So I think in addition to traditional notions of risk, which are very important, you're also seeing cybersecurity become an important commercial issue in many sectors and part of the conversation, especially in B2B markets between suppliers and customers about the sensitivity of the data and the use of data.
Now I'll admit that this does vary quite a bit by sector, there are some sectors where cybersecurity is utterly at the middle of the strategic discussion--
Financial services, business services or business process outsourcing technology, outsourcing software, especially as software providers move to SaaS type of delivery models.
Anything which provides critical infrastructure, or any business which provides a critical infrastructure in many parts of the healthcare ecosystem.

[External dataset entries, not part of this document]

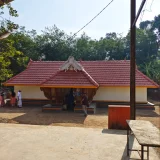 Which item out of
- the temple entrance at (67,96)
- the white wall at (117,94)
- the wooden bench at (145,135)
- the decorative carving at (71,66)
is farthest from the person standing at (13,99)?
the wooden bench at (145,135)

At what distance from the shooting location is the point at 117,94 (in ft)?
62.6

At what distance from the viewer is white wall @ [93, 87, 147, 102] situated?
1878 centimetres

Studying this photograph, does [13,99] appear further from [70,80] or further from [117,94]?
[117,94]

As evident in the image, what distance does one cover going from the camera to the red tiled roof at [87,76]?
1714 centimetres

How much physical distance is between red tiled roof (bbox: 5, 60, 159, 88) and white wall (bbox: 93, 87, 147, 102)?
0.65 m

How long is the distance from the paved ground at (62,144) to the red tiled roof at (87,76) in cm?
738

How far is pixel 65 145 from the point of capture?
7605mm

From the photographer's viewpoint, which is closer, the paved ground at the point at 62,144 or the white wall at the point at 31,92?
the paved ground at the point at 62,144

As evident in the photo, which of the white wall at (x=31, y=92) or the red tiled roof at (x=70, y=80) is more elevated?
the red tiled roof at (x=70, y=80)

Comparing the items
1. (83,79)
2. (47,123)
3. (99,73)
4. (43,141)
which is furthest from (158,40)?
(43,141)

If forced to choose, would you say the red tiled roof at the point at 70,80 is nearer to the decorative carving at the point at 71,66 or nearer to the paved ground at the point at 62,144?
the decorative carving at the point at 71,66

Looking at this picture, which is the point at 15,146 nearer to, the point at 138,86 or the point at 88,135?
the point at 88,135

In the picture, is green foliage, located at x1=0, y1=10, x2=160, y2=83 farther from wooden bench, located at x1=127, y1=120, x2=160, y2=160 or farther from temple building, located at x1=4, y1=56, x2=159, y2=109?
wooden bench, located at x1=127, y1=120, x2=160, y2=160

In contrast, if you have a company that does a manufacturing of commodity products, then their cybersecurity might be a little bit less or somewhat less strategic.
Guy: Yes, very related to the data. The amount of data that they end up containing and as a result that commercial pressure to demonstrate secure products.
James: It's the amount and nature of the data that they consume or take in from customers, and then also the criticality of technology to what might be described as core business processes.
If you speak to senior medical executives at a hospital chain, they will often tell you five years ago or seven years ago or 10 years ago, the date varies.
But at some point in the not too distant past if they lost all their technology platforms they could still run the hospital on clipboards.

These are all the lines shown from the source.